On March 23rd we crossed from St. Kitts to St. Martin. We were very lucky to get a perfect weather window the day after the kids flew out. St. Martin/Sint Maarten is an island divided by French and Dutch rule.
Since strong winds were forecasted for the next few days, we decided to enter the lagoon and spend our time there on a mooring ball.
We entered on the French side, and picked up a mooring on the French side, but we did our grocery shopping on the Dutch side! The orange line shows the boundary between the two countries.
I must confess…one thing that has worn me down a bit, regarding Caribbean cruising, is the lack of protected anchorages. It can be exhausting to be on a boat that rocks constantly, while at anchor. This, however, was an amazingly protected spot, and well worth the $100 we paid for a week of peace and tranquility!!!
I don’t ever remember being so excited about grocery shopping, but this might be the nicest store I have ever seen…and it was certainly a huge contrast to most Caribbean store😲
There were soooo many veggies, and even an entire cooler of microgreens😲
It felt strange to be surrounded by such an abundance, of everything!
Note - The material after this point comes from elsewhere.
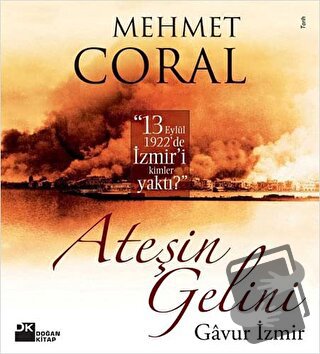 Ateşin Gelini Gavur İzmir (Ciltli) - Mehmet Coral - Doğan Kitap - Fiya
Of course…per usual…getting there was an adventure! We tied Alma (our dinghy) to the mangroves, walked the plank, climbed over some rocks, and walked 1/2 mile to the store. Then did everything in reverse while weighed down like pack mules🤣🤣
We left our ball two days early to stage for our next crossing to Virgin Gorda. This was a 95 mile crossing so we needed to get a very early start to ensure we would arrive before dark. However, the bridge to enter and exit the lagoon only opens at 8:00 a.m. and 5:30 p.m. so we had to abandon our perfectly calm mooring to anchor in Marigot Bay the night before departure. As always, the weather forecast drives all of our travel decisions, and winds were going to get quite ugly starting on the 30th, and we’re scheduled to blow for 6-7 days. My cousin and her husband were scheduled to fly into Virgin Gorda on April 6th, so we needed to move while conditions were calm.
On March 29th, we left St. Martin at 4:00 a.m. for a pleasant cruise to Virgin Gorda. Once we were checked in we moved quickly to find protection from the incoming NE winds. We made the short hop to Peter Island and enjoyed a gloriously calm week at anchor, while the winds screamed! On April 5, we returned to Virgin Gorda to meet our guests, and as you can see from our tracker we spent the next 9 days zigzagging around the Virgin Islands.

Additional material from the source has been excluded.